It's not fabricated. Previously posted:
RvW specifically decided that states may not deny women the safer medical procedure of abortion. The procedure is much, much safer than pregnancy/childbirth and they decided that women had the right to choose the safer procedure.
I ask people what, specifically, is unconstitutional about RvW?​
Why shouldnt the right to an abortion be protected? They also referred to the 9th in the RvW decision. It's no different than a right to have consensual sex, a right to marry, a right to reproduce, or a right to travel from state to state. It's accorded to the people unless there are reasons to restrict or ban it. (hint: so no one 'invents' it...they just protect it unless there are reasons not to)
RvW decided that the states may not deny women a safe medical procedure if they choose it. It is much much safer than pregnancy/childbirth.​

From the Roe v Wade decision:

"The State has a legitimate interest in seeing to it that abortion, like any other medical procedure, is performed under circumstances that insure maximum safety for the patient. This interest obviously extends at least to the performing physician and his staff, to the facilities involved, to the availability of after-care, and to adequate provision for any complication or emergency that might arise. The prevalence of high mortality rates at illegal "abortion mills" strengthens, rather than weakens, the State's interest in regulating the conditions under which abortions are performed.
More over, the risk to the woman increases as her pregnancy continues. Thus, the State retains a definite interest in protecting the woman's own health and safety when an abortion is proposed at a late stage of pregnancy."

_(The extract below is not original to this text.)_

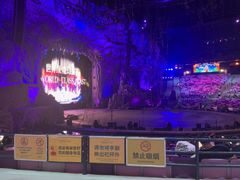 -广州长隆国际大马戏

Cue the wailing, "But it's not safer for the "baybeeeee"!" :rolleyes:
 
No, that's not what you said. You claimed that a woman has an absolute right to bodily autonomy while pregnant. That is simply false in the third trimester. There are only two non-evasive responses: acknowledge your error or try to explain why my counter argument is incorrect.
A woman does have that Right over her body and to abort anytime she wants to. Laws and Rights are different things.
 
Yet, you premise Roe's third trimester reasoning in forming your argument. So, Roe's "overreach" is partially an overstatement.
No, you're reasoning is flawed there. Whether I like it or not (and I don't because it's judicial overreach), Roe has been the law of the land for 50 years. When I mention that Roe allows states to establish a fetal right to life in the third trimester, that is just a statement of fact. I say it when people mistakenly assert a woman's right to privacy re abortion under Roe is unlimited; it's certainly not.

There is no contradiction in both opposing Roe and stating what Roe does and does not do.
 
A woman does have that Right over her body and to abort anytime she wants to. Laws and Rights are different things.
That is simply not true, and the evidence to the contrary is overwhelming. Abortion bans exist in over 40 states, and Roe is very clear about when they're permissible.

(Just amazing how many pro-choicers simply cannot handle the facts of this matter.)
 
FWIW, I've been asserting that Roe is unconstitutional, and why, since before Alito was even a federal judge.
'Unconstitutional' and an assertion of overreach are not the same.
 
No, you're reasoning is flawed there. Whether I like it or not (and I don't because it's judicial overreach), Roe has been the law of the land for 50 years. When I mention that Roe allows states to establish a fetal right to life in the third trimester, that is just a statement of fact.

It's not a statement of fact. You have never been able to prove that with sourcing law where they did. Not once.

Why do you persist in lying about this?


 
'Unconstitutional' and an assertion of overreach are not the same.
In the context I am using them, they are synonymous.

It would be exactly the same kind of unconstitutional overreach if the court surprised us in the Dobbs decision and inserted a new clause that read something like "We hold that human life begins at conception, and based on federal government's compelling interest in protecting human life, all forms of abortion are banned unless the life of the mother has been medically certified to also be at significant risk."

The court simply lacks the authority to decide when life begins, regardless of what that decision might be.
 
In the context I am using them, they are synonymous.

It would be exactly the same kind of unconstitutional overreach if the court surprised us in the Dobbs decision and inserted a new clause that read something like "We hold that human life begins at conception, and based on federal government's compelling interest in protecting human life, all forms of abortion are banned unless the life of the mother has been medically certified to also be at significant risk."

The court simply lacks the authority to decide when life begins, regardless of what that decision might be.

Who does have the authority and why?

The medical/biological question has been answered definitively...at fertilization/implantation...unless you have something significantly different?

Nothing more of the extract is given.